- Exercise brief
In the copy, include every entry exactly but none of its images.

Supplied material START

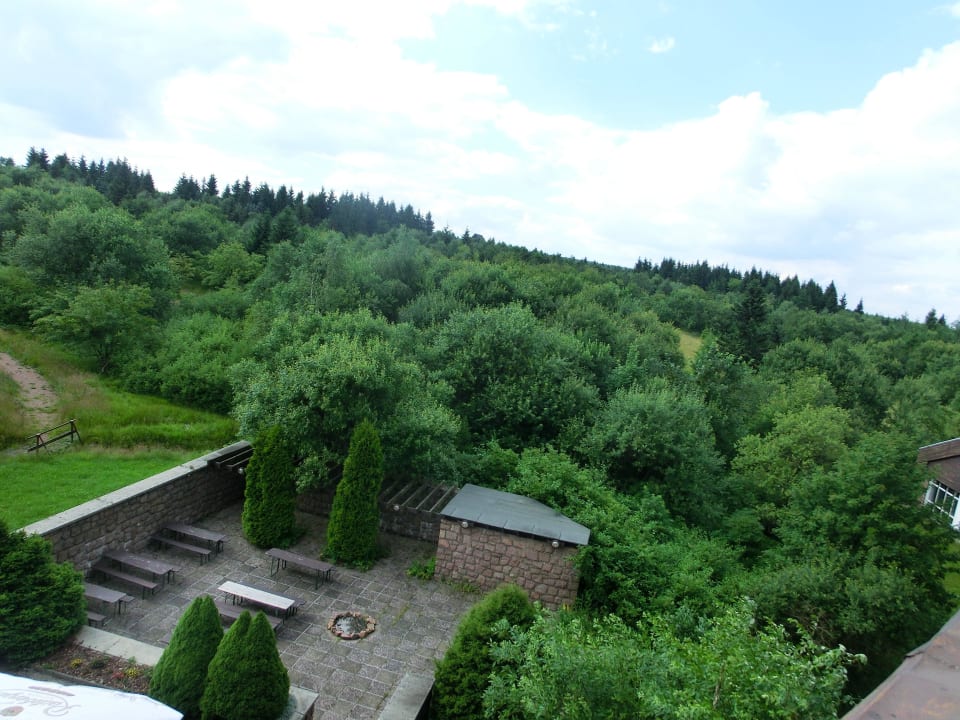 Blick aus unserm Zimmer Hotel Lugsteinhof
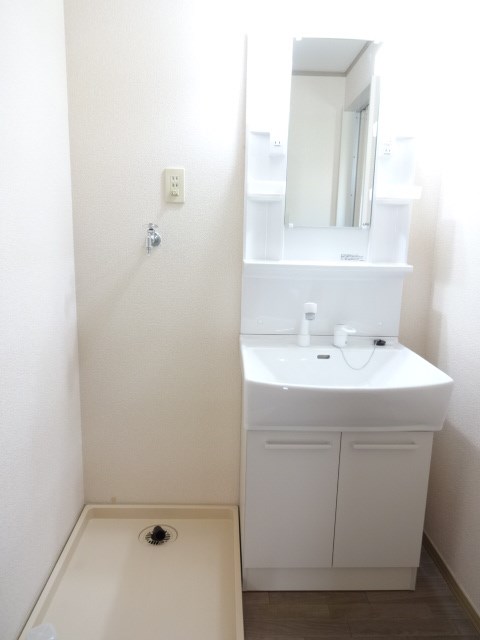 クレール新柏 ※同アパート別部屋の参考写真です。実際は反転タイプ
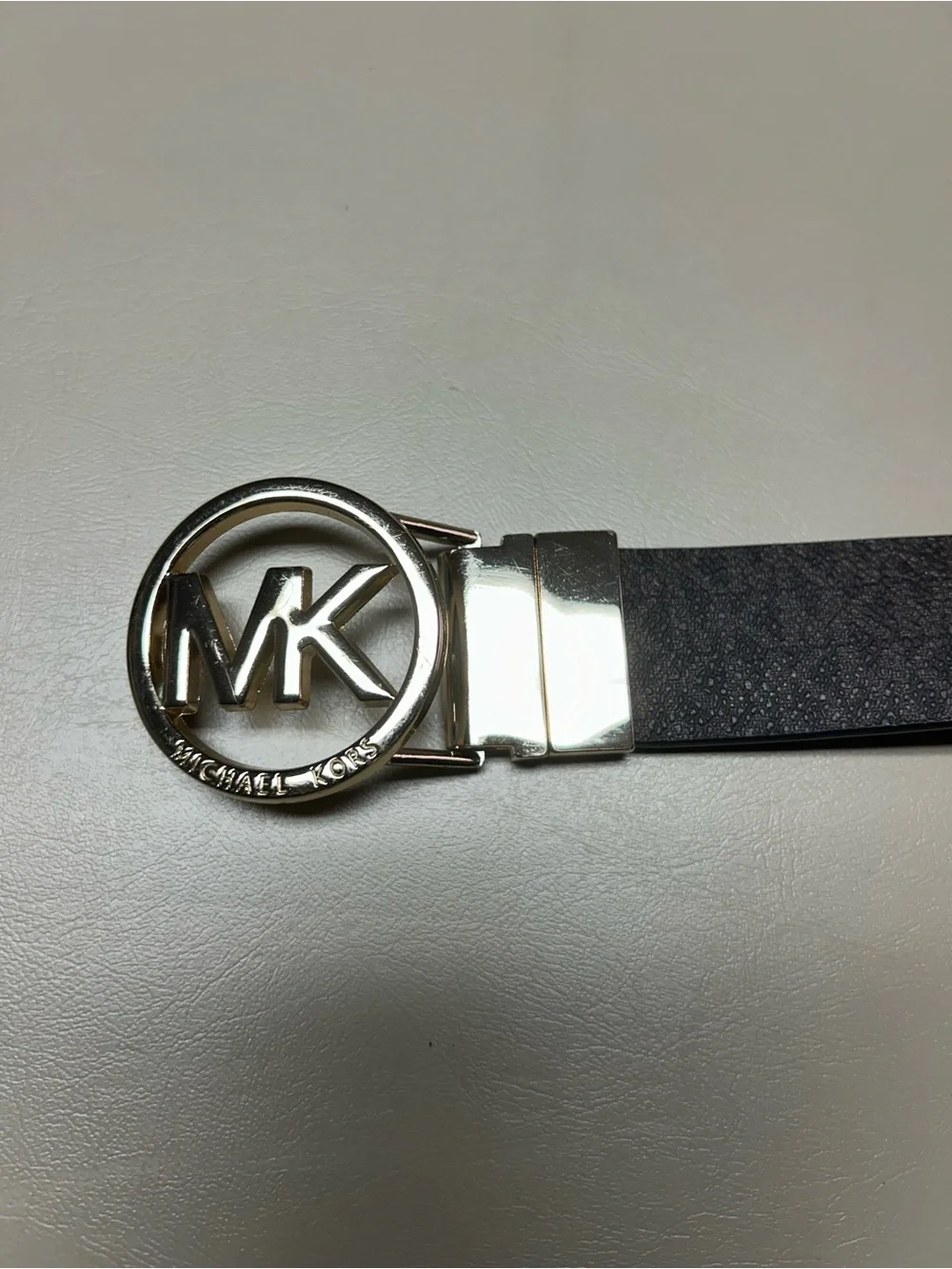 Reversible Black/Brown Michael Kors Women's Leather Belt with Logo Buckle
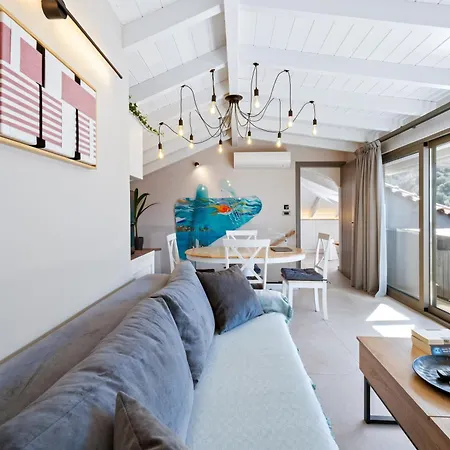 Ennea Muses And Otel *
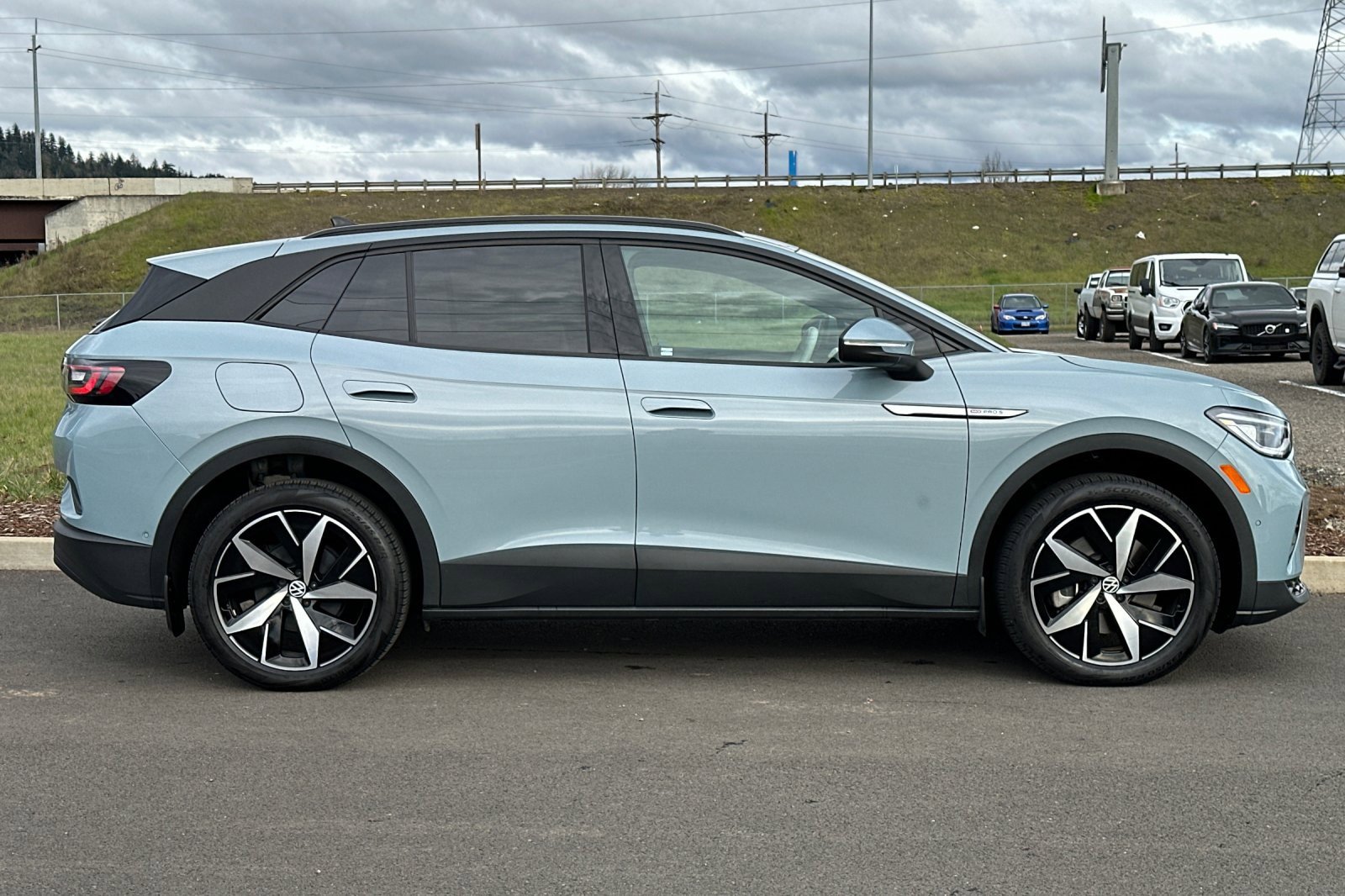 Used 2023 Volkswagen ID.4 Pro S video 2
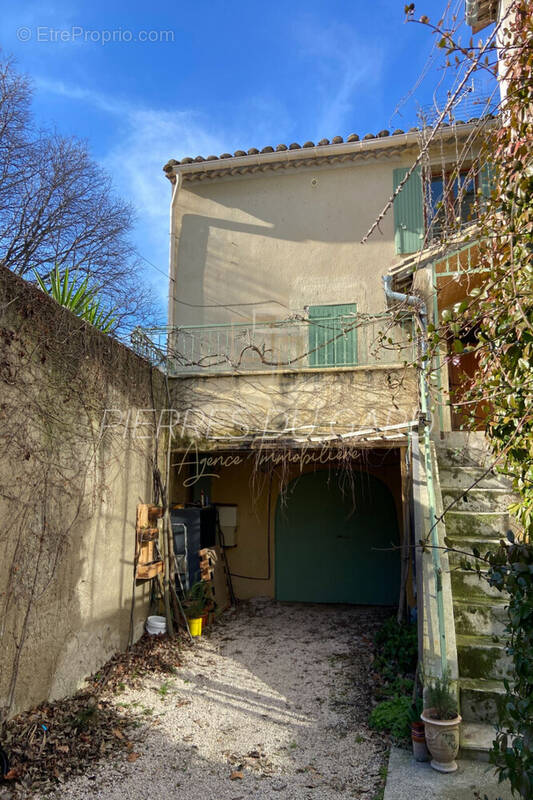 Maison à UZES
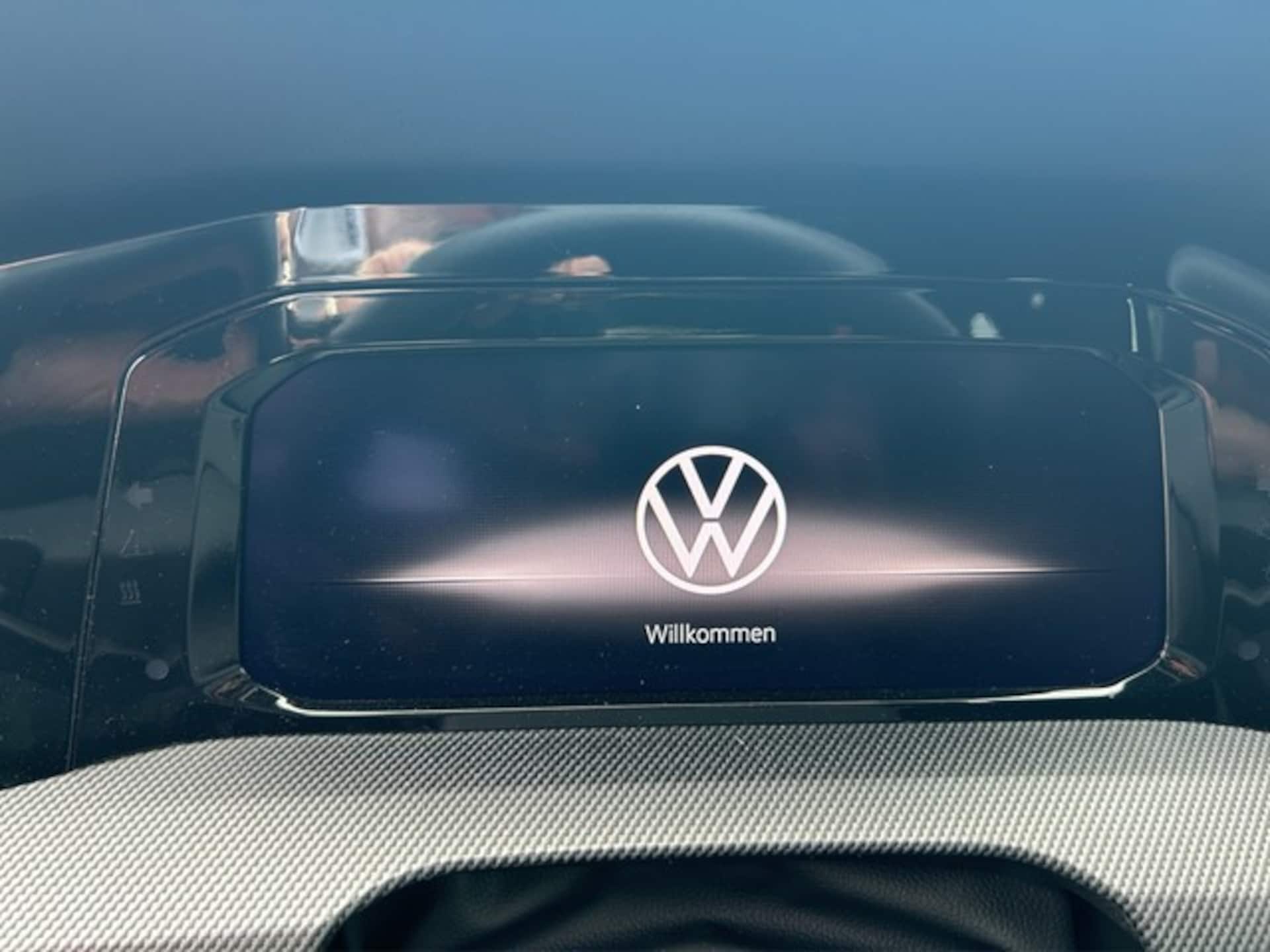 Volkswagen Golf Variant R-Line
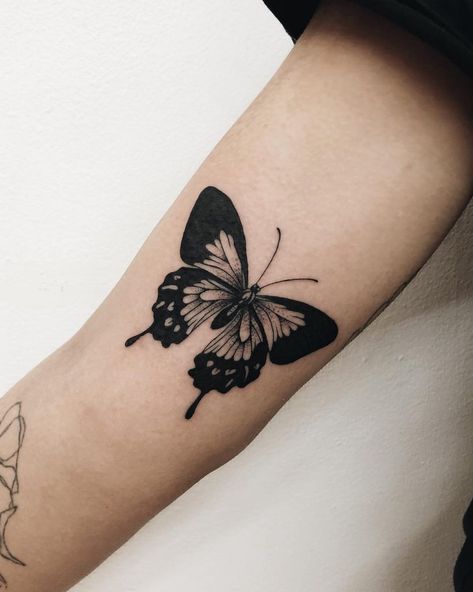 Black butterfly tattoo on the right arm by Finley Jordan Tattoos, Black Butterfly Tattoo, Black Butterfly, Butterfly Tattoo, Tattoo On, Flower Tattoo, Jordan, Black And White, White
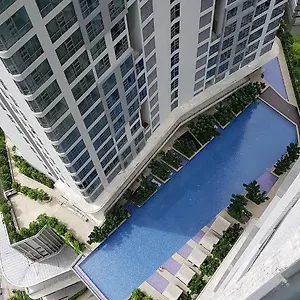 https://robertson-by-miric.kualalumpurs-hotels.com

Supplied material END

- Finished exercise
 Blick aus unserm Zimmer Hotel Lugsteinhof
 クレール新柏 ※同アパート別部屋の参考写真です。実際は反転タイプ
 Reversible Black/Brown Michael Kors Women's Leather Belt with Logo Buckle
 Ennea Muses And Otel *
 Used 2023 Volkswagen ID.4 Pro S video 2
 Maison à UZES
 Volkswagen Golf Variant R-Line
 Black butterfly tattoo on the right arm by Finley Jordan Tattoos, Black Butterfly Tattoo, Black Butterfly, Butterfly Tattoo, Tattoo On, Flower Tattoo, Jordan, Black And White, White
 https://robertson-by-miric.kualalumpurs-hotels.com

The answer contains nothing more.